ボールの出所は中盤の要、ミヒャエル・バラック。ドイツの得点はほとんどこの4人から。

中盤を支配したほうが優勝するであろう。僕は個人的にはスペインに優勝して欲しい。長い間、スペインは大きな大会では活躍できないと言われてきたジンクスを背負っていたけど、今回は久しぶりの優勝チャンス。

シャビの世代は1999年にナイジェリアで開催された FIFA ワールドユース選手権 の U-20 スペイン代表である。

1999 年に ナイジェリアで開催された FIFA ワールドユース選手権 に U-20 スペイン代表として出場し、小野伸二本山雅志高原直泰小笠原満男遠藤保仁中田浩二稲本潤一加地亮永井雄一郎らを擁した黄金世代の U-20 日本代表と決勝戦で対戦。

前線にエースのホセ・マリ、中盤にガブリを擁したスペインであるが、チームの中心は明らかにシャビであった。
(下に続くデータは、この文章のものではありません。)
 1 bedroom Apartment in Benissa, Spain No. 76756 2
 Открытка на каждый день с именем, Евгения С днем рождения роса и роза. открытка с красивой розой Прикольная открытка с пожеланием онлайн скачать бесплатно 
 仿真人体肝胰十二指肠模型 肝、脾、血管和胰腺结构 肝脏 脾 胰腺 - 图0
シャビは 1 得点 1 アシストの活躍を見せ、最終的に 4-0 の大差で破って優勝している。(ウィキペディア参照)

ここからスペイン代表の新しい歴史が始まったのだ。

今回の大会全体を見ているとどうやら中盤2列目の攻撃参加、得点が多いように感じられる。もちろんFWも大事だろうが、今のサッカーを見ているとFWはあくまで得点を決めるシーンでの補佐役というか点を取る意識を前面に出してこそ、2列目以降の得点シーンが生まれる、というパターン。

後はやっぱりサイドからの速い攻撃。トップに楔を当てるとかロングボールを多用するだけの単純なサッカーでは点が取れなくなっている。センターライン辺りからパス交換によって組み立てられたサッカーから得点が生まれるというように、攻撃からフィニッシュに至る過程が複雑であり、シンプルでありというような流れるようなサッカーから得点が生まれているような気がする。

決勝では是非、スペインの洗礼されたパス交換と流れるような攻撃にドイツの戦う精神、ゲルマン魂を堪能してほしい。